The entry should give as much detail as possible. This information should be reviewed and updated regularly to include details as they are finalised.
2.8.3 Expected Start and Completion Dates
Each notice requires the insertion of an expected start date and an expected completion date. It is the responsibility of the works promoter to ensure that any changes to these dates are inserted on to the SRWR as soon as they are known to the works promoter.
2.9 Collaborative Working
2.9.1 It is important that all road works authorities and undertakers seek every possible opportunity to collaborate on road works, as this can minimise traffic disruption and benefit the travelling public and the undertaker's customers. Paragraph 2.8.1 above highlights the need to place the details of longer term programmes on to the SRWR at the earliest possible opportunity. Identifying major works as far in advance of the proposed date as possible will help to facilitate opportunities for collaborative works e.g. road closures in city centres should be made use of by as many promoters as possible to minimise disruption and maximise shared reinstatement opportunities.

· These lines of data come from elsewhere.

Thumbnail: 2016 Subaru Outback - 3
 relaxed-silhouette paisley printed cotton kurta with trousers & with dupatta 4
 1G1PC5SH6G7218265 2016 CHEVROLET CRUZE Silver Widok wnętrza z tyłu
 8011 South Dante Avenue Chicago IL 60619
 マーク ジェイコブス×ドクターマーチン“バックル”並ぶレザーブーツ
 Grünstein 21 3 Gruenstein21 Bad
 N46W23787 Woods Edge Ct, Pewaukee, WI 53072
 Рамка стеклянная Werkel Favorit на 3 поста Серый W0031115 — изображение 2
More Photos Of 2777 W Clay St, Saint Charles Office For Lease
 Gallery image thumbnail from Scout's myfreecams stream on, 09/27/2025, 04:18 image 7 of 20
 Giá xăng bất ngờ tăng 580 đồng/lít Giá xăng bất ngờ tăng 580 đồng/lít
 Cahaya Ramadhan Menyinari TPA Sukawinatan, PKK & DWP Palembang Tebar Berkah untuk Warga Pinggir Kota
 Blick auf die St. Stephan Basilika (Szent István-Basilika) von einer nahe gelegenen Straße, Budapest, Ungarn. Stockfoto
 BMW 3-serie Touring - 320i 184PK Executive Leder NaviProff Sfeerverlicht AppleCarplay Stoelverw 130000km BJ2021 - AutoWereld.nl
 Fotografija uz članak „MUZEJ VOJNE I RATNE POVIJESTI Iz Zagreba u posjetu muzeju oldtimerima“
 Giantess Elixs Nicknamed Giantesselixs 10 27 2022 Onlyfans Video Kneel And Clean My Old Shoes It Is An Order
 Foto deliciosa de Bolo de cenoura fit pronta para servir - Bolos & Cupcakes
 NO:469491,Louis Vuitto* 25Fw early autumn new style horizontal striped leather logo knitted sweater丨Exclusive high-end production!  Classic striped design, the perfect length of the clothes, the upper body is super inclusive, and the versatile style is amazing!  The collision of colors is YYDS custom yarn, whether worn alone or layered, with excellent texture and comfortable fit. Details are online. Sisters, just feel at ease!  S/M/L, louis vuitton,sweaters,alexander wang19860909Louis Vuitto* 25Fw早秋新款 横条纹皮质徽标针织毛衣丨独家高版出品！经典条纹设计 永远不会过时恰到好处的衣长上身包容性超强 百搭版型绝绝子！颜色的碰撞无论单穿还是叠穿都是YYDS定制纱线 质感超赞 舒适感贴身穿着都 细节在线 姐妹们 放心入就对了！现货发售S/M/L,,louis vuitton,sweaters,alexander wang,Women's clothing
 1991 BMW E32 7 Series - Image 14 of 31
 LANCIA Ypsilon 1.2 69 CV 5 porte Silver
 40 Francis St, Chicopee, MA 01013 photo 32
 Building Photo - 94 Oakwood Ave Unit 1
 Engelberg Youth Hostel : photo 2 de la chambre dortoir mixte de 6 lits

2.9.2 It should be possible to arrange contracts so that the excavating primary promoter serves notice and carries out work on behalf of itself and others. However, it must be emphasised that such arrangements do not remove the legal liability imposed by NRSWA on individual undertakers.
2.10 Other Statutory Obligations
2.10.1 Both road works authorities and statutory undertakers operate under other statutes which impose additional obligations that impact on those under NRSWA - for road works authorities to co-ordinate all works, and for undertakers to co-operate.
2.10.2 There are additional duties on roads authorities; for instance Sections 20 to 21 of the Equality Act 2010 give disabled people a right of access to goods, facilities, services and premises. By providing integrated and accessible transport and a barrier-free pedestrian environment, local traffic and roads authorities will help deliver this right and fulfil their obligations.
2.10.3 The utility companies have statutory obligations to provide a supply or service, and these are closely monitored by the utility regulators, The Water Industry Commission for Scotland (Scottish Water), and OFGEM (gas and electricity industries) to ensure that the required level of service is maintained. This will include restoring supply, as well as ensuring new customers are connected within certain time frames. OFCOM (regulator of telecommunications) places a universal service obligation on BT across the UK to meet all reasonable requests for service. Under legislation, customers of the electricity, gas or water companies, subject to certain exemptions, may be entitled to compensation if a company fails to meet these guaranteed standards of performance.
2.10.4 The operators of a gas network also have obligations under Regulations enforced by the Health and Safety Executive. These require operators of gas networks to carry out certain works within a specific time or to replace certain types of apparatus within a specified period. Currently, the gas industry has a programme to replace all iron mains within 30 metres of properties, over 30 years old, from 2001, with highest priority given to that apparatus at greatest risk based on an agreed safety case to assess priorities. The priorities may change to reflect an escalation of risk based on either new information about specific types of pipes or apparatus, or as result of incidents involving a specific pipe.